Jennifer Pazienza was born in Newark, New Jersey. The daughter of Italian immigrants, she began making art as a child in her mother’s kitchen. She received a Bachelor of Education degree in Art from William Paterson College in 1976. After graduation, she moved to Pennsylvania where she taught art in grades K through 12 until returning to university to complete a Master of Art Education in 1985 and a Doctorate of Philosophy in 1989 at Pennsylvania State University. She credits her supervising professor, Brent Wilson, as her inspiration for becoming an artist/educator. Her painting professor, artist Richard Mayhew, has had the greatest influence on her artwork. In 1984 he suggested she switch from a tonal approach and an emphasis on Payne’s Gray to a colourist palette. She has painted this way ever since.

In 1987-88, she taught art education at Texas Tech University, where she also learned to blow glass.
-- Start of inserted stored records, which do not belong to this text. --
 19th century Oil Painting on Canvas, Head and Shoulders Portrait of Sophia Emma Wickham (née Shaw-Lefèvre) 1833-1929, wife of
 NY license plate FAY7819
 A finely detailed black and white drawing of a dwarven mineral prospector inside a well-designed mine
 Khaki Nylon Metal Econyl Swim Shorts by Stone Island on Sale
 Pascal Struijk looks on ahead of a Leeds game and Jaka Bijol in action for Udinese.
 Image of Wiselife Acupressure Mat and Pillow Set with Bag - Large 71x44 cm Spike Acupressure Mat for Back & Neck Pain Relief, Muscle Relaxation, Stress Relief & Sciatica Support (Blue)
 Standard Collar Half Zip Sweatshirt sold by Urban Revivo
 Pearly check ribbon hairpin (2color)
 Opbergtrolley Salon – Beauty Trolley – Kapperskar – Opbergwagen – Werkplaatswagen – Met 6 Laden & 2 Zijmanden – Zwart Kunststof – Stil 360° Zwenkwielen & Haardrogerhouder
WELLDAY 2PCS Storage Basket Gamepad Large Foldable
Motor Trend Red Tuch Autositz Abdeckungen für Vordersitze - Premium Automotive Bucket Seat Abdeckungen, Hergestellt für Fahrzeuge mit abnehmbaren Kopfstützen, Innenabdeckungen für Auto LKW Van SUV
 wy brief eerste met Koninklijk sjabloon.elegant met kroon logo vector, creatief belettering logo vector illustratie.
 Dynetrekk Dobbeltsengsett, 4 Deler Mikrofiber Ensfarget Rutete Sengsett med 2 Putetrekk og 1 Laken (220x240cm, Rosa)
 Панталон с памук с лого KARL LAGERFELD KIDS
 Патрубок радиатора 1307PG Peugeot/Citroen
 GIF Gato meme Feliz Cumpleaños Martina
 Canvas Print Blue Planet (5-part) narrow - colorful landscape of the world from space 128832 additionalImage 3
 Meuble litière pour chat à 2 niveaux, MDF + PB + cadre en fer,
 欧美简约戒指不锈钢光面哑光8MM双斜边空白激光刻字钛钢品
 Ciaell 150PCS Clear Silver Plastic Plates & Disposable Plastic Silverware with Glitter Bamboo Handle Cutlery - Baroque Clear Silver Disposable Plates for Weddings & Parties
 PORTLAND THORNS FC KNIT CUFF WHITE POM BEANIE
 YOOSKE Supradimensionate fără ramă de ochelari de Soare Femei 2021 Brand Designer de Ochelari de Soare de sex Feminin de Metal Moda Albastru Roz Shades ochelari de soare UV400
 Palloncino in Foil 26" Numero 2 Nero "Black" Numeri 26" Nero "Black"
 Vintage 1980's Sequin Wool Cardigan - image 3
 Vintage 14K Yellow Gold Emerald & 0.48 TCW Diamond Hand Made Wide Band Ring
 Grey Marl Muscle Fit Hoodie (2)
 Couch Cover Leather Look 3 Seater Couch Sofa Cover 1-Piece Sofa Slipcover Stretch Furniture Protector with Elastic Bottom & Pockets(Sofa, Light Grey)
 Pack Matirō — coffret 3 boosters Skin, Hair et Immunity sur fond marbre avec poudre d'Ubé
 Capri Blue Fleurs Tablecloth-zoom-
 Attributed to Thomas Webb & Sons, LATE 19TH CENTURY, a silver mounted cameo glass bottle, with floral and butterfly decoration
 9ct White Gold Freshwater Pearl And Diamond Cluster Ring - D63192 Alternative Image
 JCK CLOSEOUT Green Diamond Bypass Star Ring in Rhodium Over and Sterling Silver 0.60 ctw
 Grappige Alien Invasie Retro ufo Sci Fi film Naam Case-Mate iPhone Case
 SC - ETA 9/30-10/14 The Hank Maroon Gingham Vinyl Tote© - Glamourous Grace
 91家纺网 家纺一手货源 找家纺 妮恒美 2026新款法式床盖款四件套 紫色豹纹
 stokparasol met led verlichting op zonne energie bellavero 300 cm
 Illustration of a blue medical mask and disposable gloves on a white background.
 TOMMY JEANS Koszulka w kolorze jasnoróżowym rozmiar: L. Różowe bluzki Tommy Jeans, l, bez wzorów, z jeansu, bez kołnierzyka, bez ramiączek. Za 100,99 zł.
The following year she moved to the University of Wisconsin, Milwaukee. But it was the University of New Brunswick, with its promise of academic freedom and its high regard for artistic forms of teaching and research that won her heart. So, in 1989 with an offer she could not refuse, she joined the Faculty of Education. She has contributed, particularly, to building graduate studies in art education, the development of the Bachelor of Applied Arts and the Fine Arts minor, the creation of the Eaton Multimedia Centre and the initiation of the interdisciplinary program at Renaissance College.

Pazienza has worked as a research consultant for the Getty Centre for Arts Education, the Royal Kingdom of Bhutan, and the Museum of Civilization. She has presented scholarly papers at conferences in Canada, the US and Europe. She has written reports, research proceedings, articles, book reviews, and chapters in books and has served as critic and juror for other artists/ scholar’s work while maintaining a studio and exhibition practice.

Dr. Pazienza worked with Sicilian artisans at Artigianato del Sole in 2005, which resulted in a commissioned ceramic tile panel for Azienda Agricola Alcala. During Canada’s celebration of its Fine Craft tradition, she served as artist/ educator in residence at the Beaverbrook Art Gallery interpreting contemporary and historical craft objects in paintings. She returned to Alcala and her Italian roots again in the spring of 2007 to paint a mural that celebrates Sicilian citrus and its craft tradition – majolica ceramics.